Defined contribution on the other hand simply buys a pension based on the value built up in the fund at the time of retirement. Again employers contribute on occasion; however they are not compelled to as in the DB example.

With reference to leaving, I'm not sure that this has any relevance at all.


----------



## aidank (1 Feb 2010)

100% sure on the transition FROM defined contribution TO defined benefit

3.5yrs ago plenty work going so we thought change was made so that people particularly older people would not be tempted to leave


----------



## huskerdu (23 Feb 2010)

aidank said:


> the company we work for transitioned from defined contribution to a defined benefit scheme ~3.5 yrs ago, he was saying that this works out much better for a company as if you leave they have to pay you out less than they would if you had a defined contribution pension
> 
> he was also saying it works out better for you if you stay until the bitter end (>30yrs in both our cases)



It is rarely true that a DB pension will cost the employer less. 
In a DC pension, the employer contibutes a set percentage and that's it. If the stock market tanks, and the pension plan drops in value, the employer has no responsibility. 

In a DB pension, the employer is responsible for putting in as much as it takes to make up the promised pension.  This can cost a lot, as can be seen in the number of under funded pension schemes at the moment. 

Your friend is commenting on what happens if you leave a company before
retirement. 

If you leave a DB pension, you can leave your pension there, until retriement, so the company is still responsible. 

If you transfer your pension, the transfer value would be dependent on your years of service, and the number of pension fund units that this would buy would again be dependent on the current value of equities so might
be a good value or a bad one. 

So, as far as I can tell, the company does not gain by people leaving 
DB pensions early.  

Anyone else think this makes sense ?


----------



## JoeRoberts (23 Feb 2010)

A company running a DB scheme could gain by people leaving early as they would have been accruing for future salary increases.
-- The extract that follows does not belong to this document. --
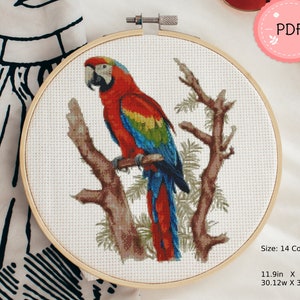macaw cross stitch embroidered mini dress Farm Rio - Macaw Cross Stitch Embroidered Mini Dress-Off White Size S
If a leaver takes a transfer to a new scheme or to a buy out bond, the transfer value would be less than what was accrued.
 I can't see this as been a significant enough reason for moving from a DC to a DB though and in the case of a new scheme there would be very little build up of accrued service after 3.5 yrs anyway


----------



## Bronte (24 Feb 2010)

aidank said:


> 100% sure on the transition FROM defined contribution TO defined benefit


 
I too am amazed that it's this way around?

In relation to getting the benefits from a defined benefits pension and older people. If it's later in their career they won't have much time to build up the years so it doesn't make sense.


----------